The BLM developed an Air Resource Management Monitoring Strategy in 2006 “to provide direction and support to all Bureau Programs and Offices regarding the design, collection, quality, analysis, and data management of air resource-related information needed to address its legislative and regulatory requirements for managing the Public Lands.” The Strategy identifies the basis for monitoring, alternative methods of “monitoring,” basic monitoring components, and a summary of key considerations when planning, conducting, archiving, and distributing monitoring information.
Currently, the BLM is cooperating with the Federal Leadership Forum (EPA Region 8, OAQPS, NPS, USFS, and BLM) and three States (Colorado, Utah, and Wyoming) to develop and operate a regional air quality data warehouse. The data warehouse will support future air quality modeling for NEPA analyses, as well as the recent national MOU between EPA, DOI, and USDA, which establishes a common process that five participating agencies including the BLM will use for examining the air quality effects of oil and gas development on Federal lands.

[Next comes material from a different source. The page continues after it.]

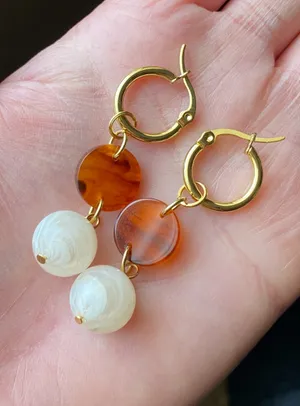 Handmade German acrylic beads & tortoiseshell hoop 2WAY dangle earrings🤎 thumbnail 4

The BLM also engages in other collaborative air quality monitoring efforts. For example, the BLM:
Funds and operates six National Atmospheric Deposition Program (NADP) monitoring stations in Alaska (one), Colorado (two), and Wyoming (three)

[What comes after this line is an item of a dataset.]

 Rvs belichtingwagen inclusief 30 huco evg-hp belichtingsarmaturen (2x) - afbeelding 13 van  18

Funds and operates eight monitoring stations in Wyoming as part of the Wyoming Air Resources Monitoring System (WARMS)
Funds and operates interagency Remote Automatic Weather Stations (RAWS) to monitor the weather and provide weather data that assists land management agencies monitor air quality, rate fire danger, and provide information for research applications
Serves as a member of the steering committee for the Interagency Monitoring of Protected Visual Environments (IMPROVE) program that monitors visibility and aerosol conditions in pristine areas
Air monitoring data can be found at several web locations. The Visibility Information Exchange Web System (VIEWS) is an online decision support system developed to help western states, tribes, federal land managers (FLMs), scientists, planners, and students evaluate air quality and visibility in federally-protected ecosystems. The Clean Air Status and Trends Network (CASTNET) is the primary source for data on dry acidic deposition and rural, ground-level ozone. Real-time air monitoring data can be found at EPA’s AIRNow website. Historical data can be found on EPA”s AirData website. Individual state agencies also prepare annual air monitoring reports, which can be found on each state’s air program web site.
Technical Expertise and Training
The BLM is cultivating technical expertise across the Air Program and among managers and staff BLM-wide, collaborating with the National Training Center (NTC) and Federal, state, tribal, and local partners and stakeholders. Check out the following training resources developed for the BLM:
The National Training Center’s August 10, 2011, “M Street Live!” satellite broadcast on the new NEPA Air Quality MOU among USDA, DOI, and EPA to address air quality issues associated with oil and gas development on Federal lands.
An Introductory Soil, Water and Air training course that is being developed by a team of BLM Air Resource Specialists, the BLM Training Coordinator for Soil, Water, Air, and Climate, and Instruction Specialists at the NTC. Once completed, the course will be offered by webinar and will be available through DOI Learn, which can be accessed through the NTC’s website.
General training resources related to air resources can be found at:
EPA’s Air Pollution Training Institute website, offering a variety of self-instructional training materials and in-person classes on technical topics.
The Smoke Management and Air Quality for Land Managers tutorial provides information on the air quality impacts of fires, relevant air quality regulations, smoke management techniques, and collaborative smoke management approaches.